- Directed by: Richard Condie
- Written by: Richard Condie
- Produced by: Richard Condie; Michael Scott;
- Starring: Jay Brazeau; Ida Osler; Randy Woods; Bill Guest;
- Music by: Patrick Godfrey
- Distributed by: National Film Board of Canada
- Release date: August 1985;
- Running time: 10 minutes
- Country: Canada
- Language: English

= The Big Snit =

1985 film

The Big Snit is a 1985 animated short film written and directed by Richard Condie and produced by the National Film Board of Canada.

==Plot==
A married couple sit in their front room playing a game of Scrabble. The husband is stumped in his next move, and the wife gets up to vacuum while he tries to think of a word. He switches on the TV for his favourite TV show, Sawing for Teens, and dozes off. Sawing for Teens is interrupted by an emergency broadcast in which it is announced that a worldwide nuclear war has broken out. The cat chews on the TV's electrical cord and knocks out the TV before the husband can see the announcement.
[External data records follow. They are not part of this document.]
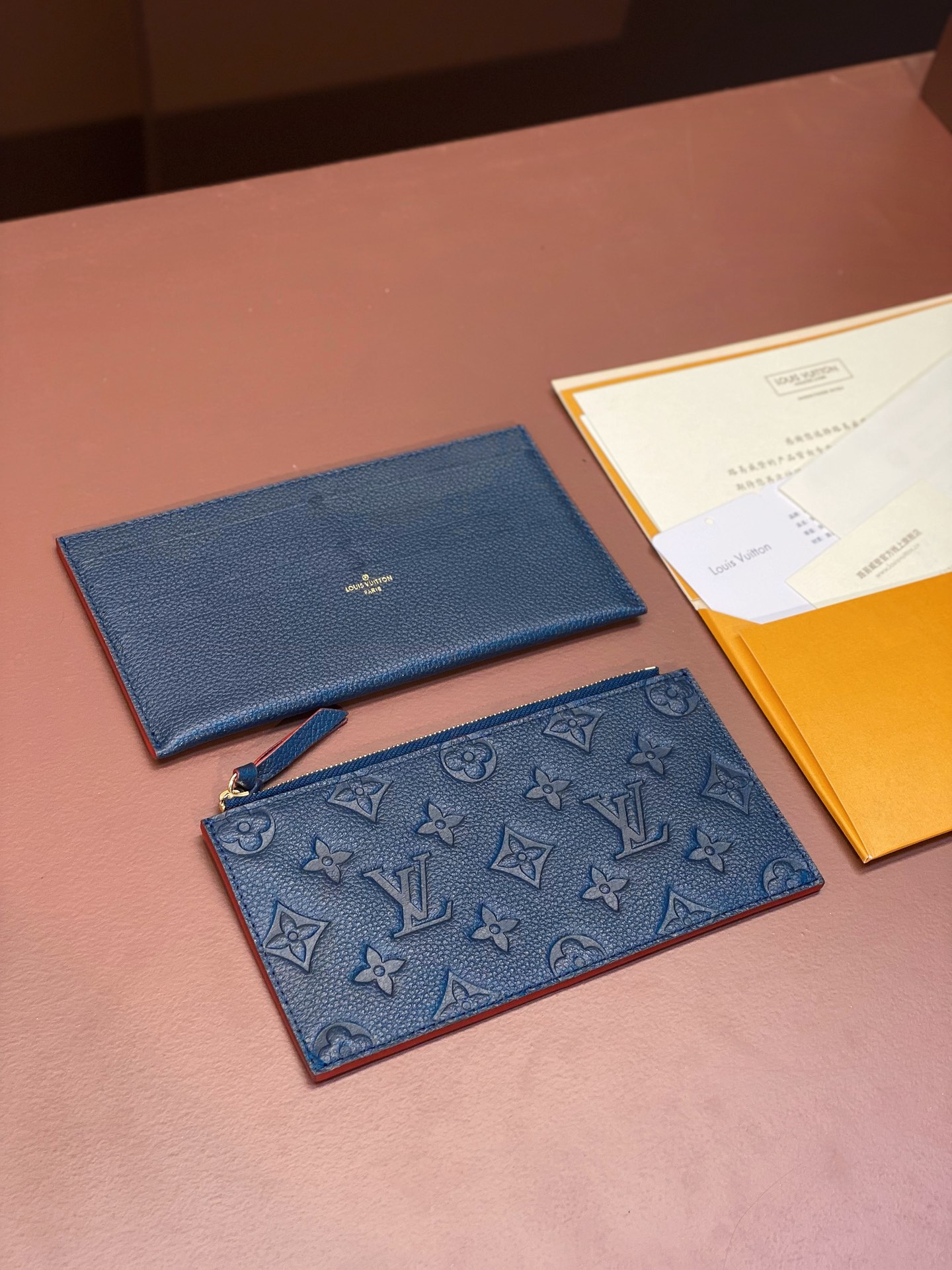 M64064 藏蓝色 Pochette Félicie 链条包为 Monogram Empreinte 皮革压印路易威登标志性 Monogram 图案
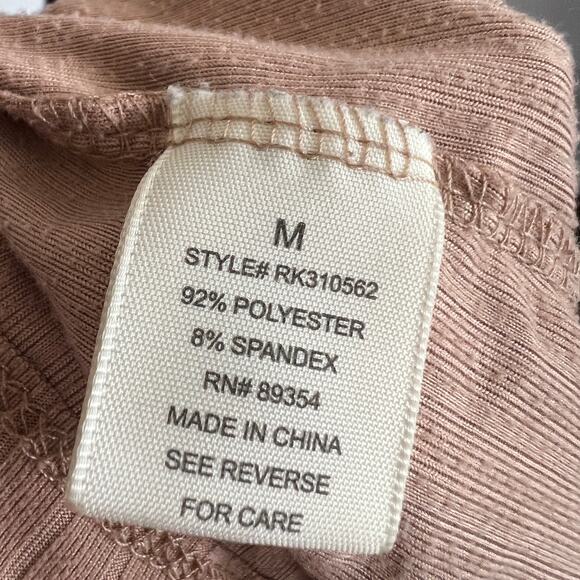 Brown Ribbed Square Neck Top,‎ Minimalist, 90s, Y2K, Earthy, Casual, Medium - Picture 4 of 4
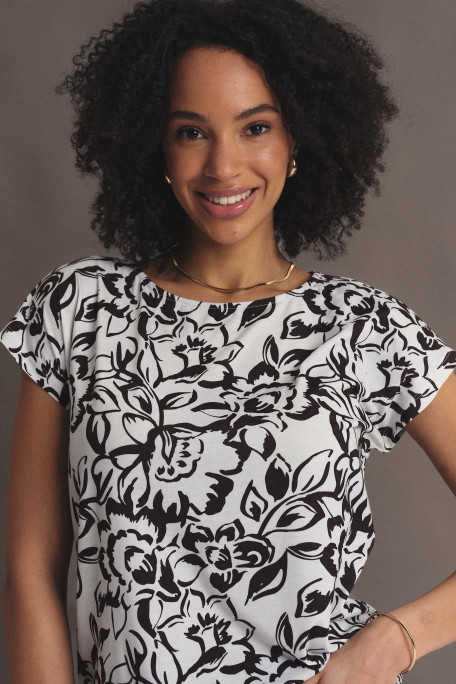 Kremowy top z nadrukiem w czarne kwiaty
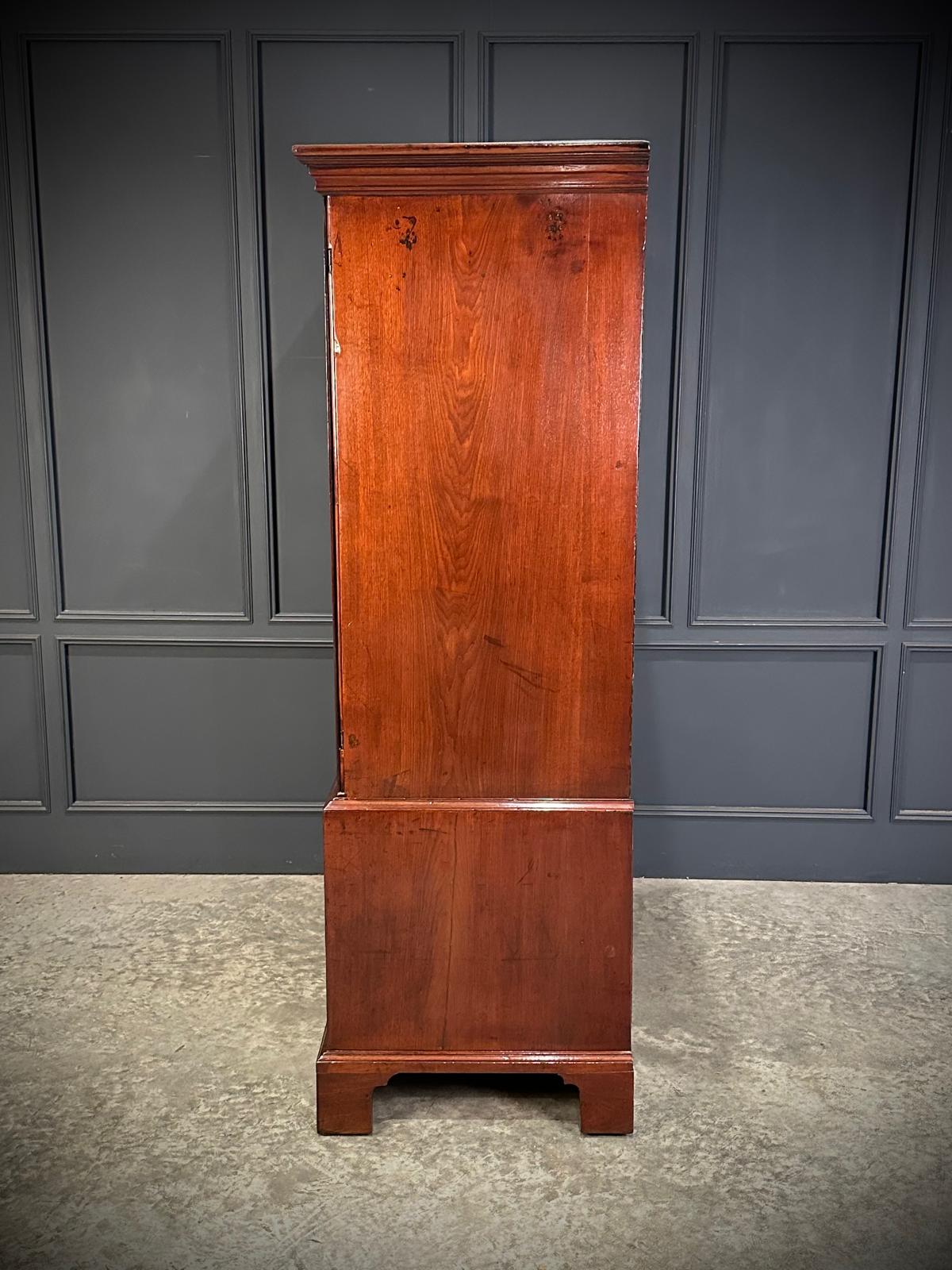 Georgian Mahogany Gentlemans Wardrobe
When he awakens, he looks out the window to see chaos in the streets, without any idea what it means. He sneaks a peek at his wife's letters. The wife, also unaware of the news, returns to the game, notices her letters have been moved, and accuses her husband of cheating. They argue and the wife runs out of the room in tears.
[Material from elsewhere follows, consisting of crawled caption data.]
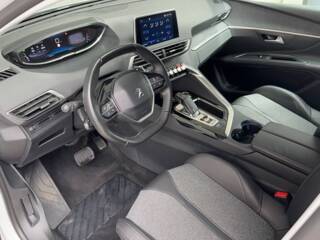 21000 : Hyundai Dijon - Privilège Automobiles - PEUGEOT 5008 Allure - 5008 II - BLANC - Boîte automatique - Essence sans plomb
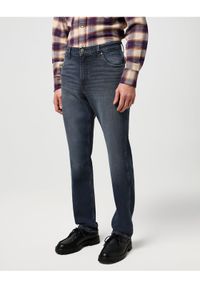 Wrangler Jeansy Greensboro 112370847 Granatowy Straight Fit. Kolor: niebieski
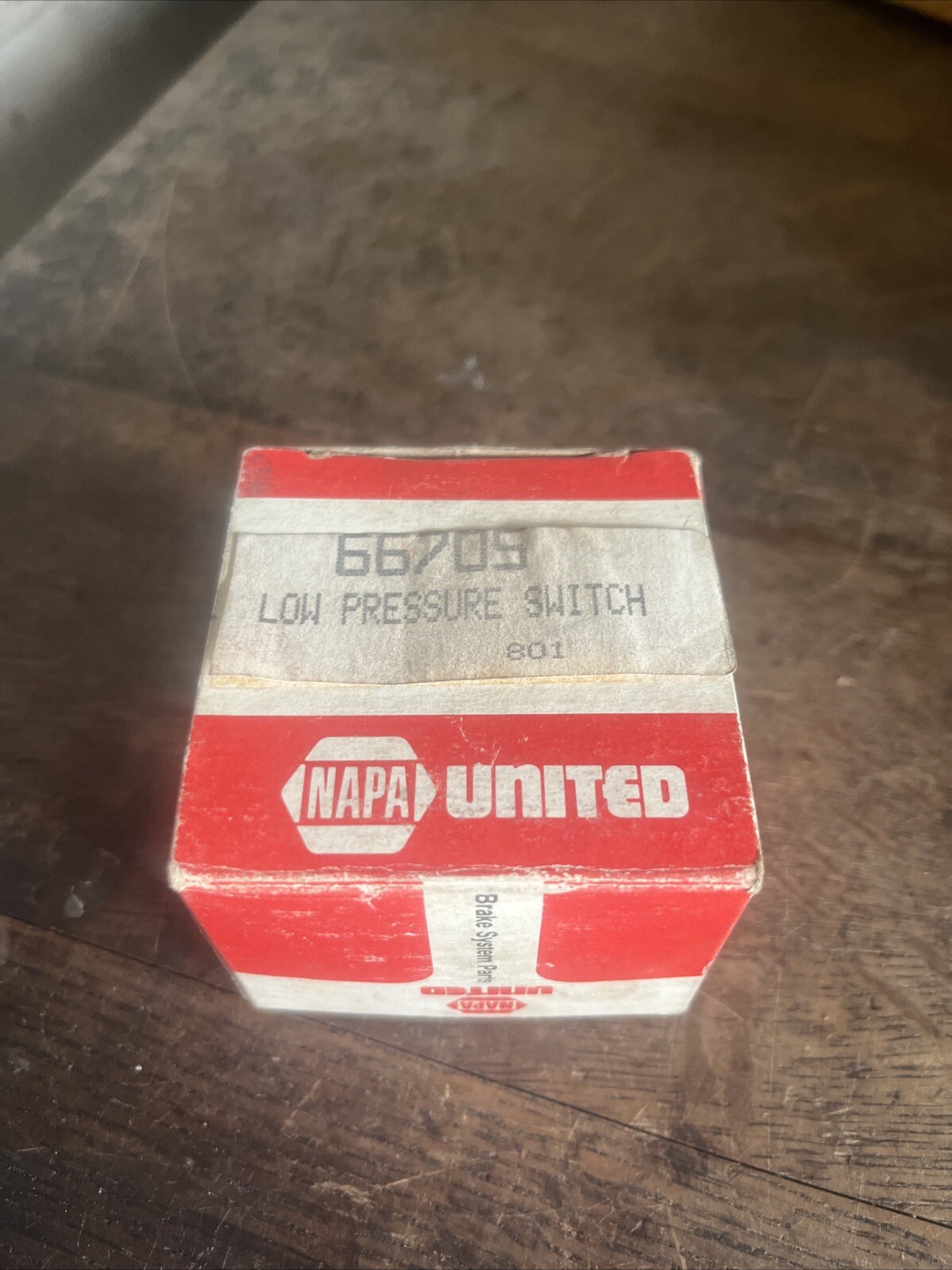 NOS NAPA 66705 Low Pressure Switch
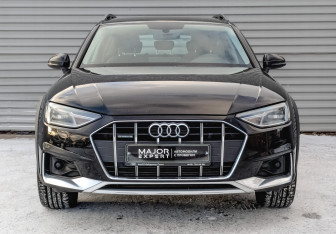 Подержанный автомобиль Audi A4 allroad 2021 года (2 фото)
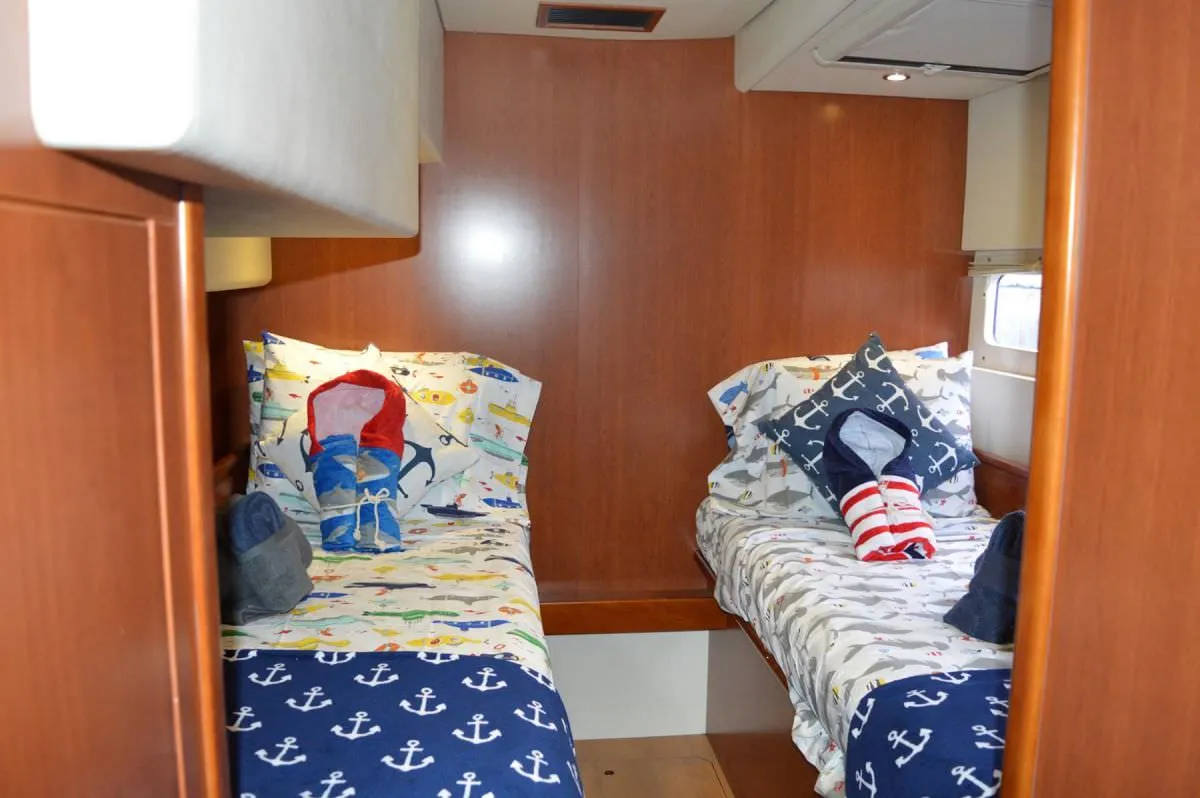 <p>Kids twin cabin, can be made into queen</p>
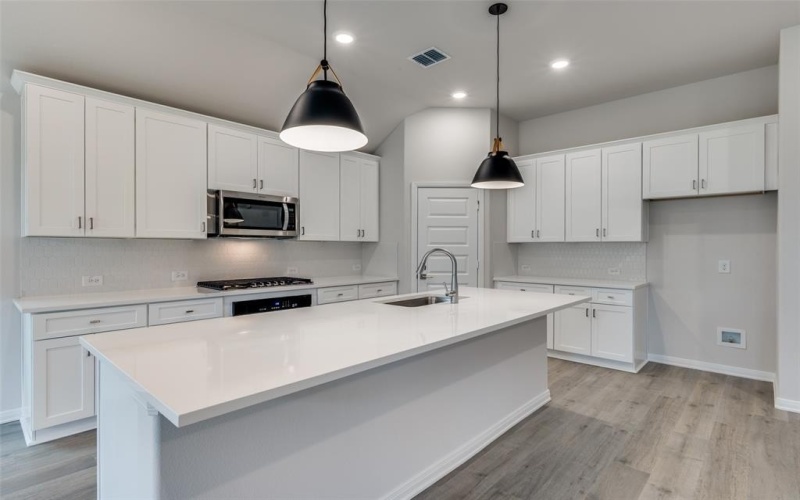 4105 Blackbird Avenue, Little Elm, TX 75068, 4 Habitaciones Habitaciones , ,3 BañosBaños,Residential,En Venta,4105 Blackbird Avenue,21002049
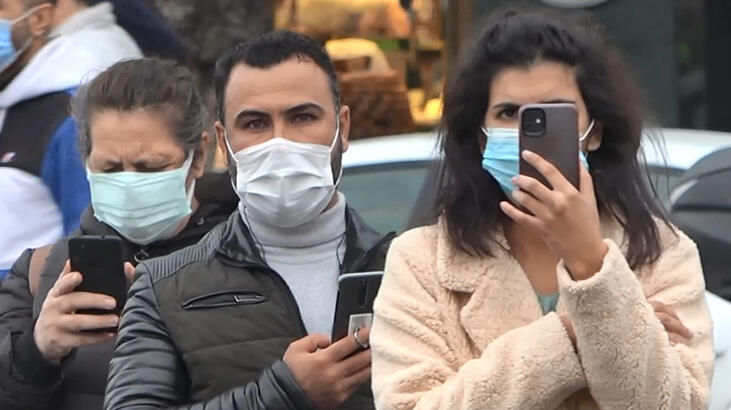 Taksim Camii duvarına çıktı, elindeki jiletle kendisine zarar vermeye başladı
The husband, feeling sorry for arguing, spots an old photo of him and his wife at a fair, prompting memories of themselves in happier times. He approaches her with a concertina and begins playing on it. She softens up and the two embrace. The cat sits by the door to be let outside, and the husband reaches for the doorknob. At that moment, a white glow emanates from the keyhole and the husband is vapourized. He opens the door and the scene of chaos has been replaced by the sight of angels, clouds, and other heavenly objects. The couple, unaware of the cataclysm that has taken place, marvel at the beauty of the scene and decide to return to their Scrabble game.

==Voice cast==
- Jay Brazeau as the Husband
- Ida Osler as the Wife
- Randy Woods as the "Sawing for Teens" Host
- Bill Guest as the Station Announcer

==Reception and legacy==
The film received 17 awards including the Grand Prize at the Montreal World Film Festival, the Special Jury Award for Humour at the Zagreb World Festival of Animated Films, the Golden Space Needle for Best Short at the Seattle International Film Festival, Best Animated Film at the Tampere Film Festival, the Silver Plaque for Animation at the Chicago International Film Festival, the Hiroshima Prize at the Hiroshima International Animation Festival, the FIPRESCI International Film Critics' Prize at the Annecy International Animated Film Festival and a Genie Award for Best Animated Short. It was also nominated for an Academy Award for Best Animated Short Film at the 58th Academy Awards.

In 1994, it was voted #25 of the 50 Greatest Cartoons of all time by members of the animation field, and was the highest ranked cartoon in the list that was from the NFB. It was also included in the Animation Show of Shows. Animation expert Charles Solomon cited it as one of the best animated films of the 1980s.

===In popular culture===
The Big Snit inspired a Scrabble scene in the second episode of The Simpsons' first season, "Bart the Genius".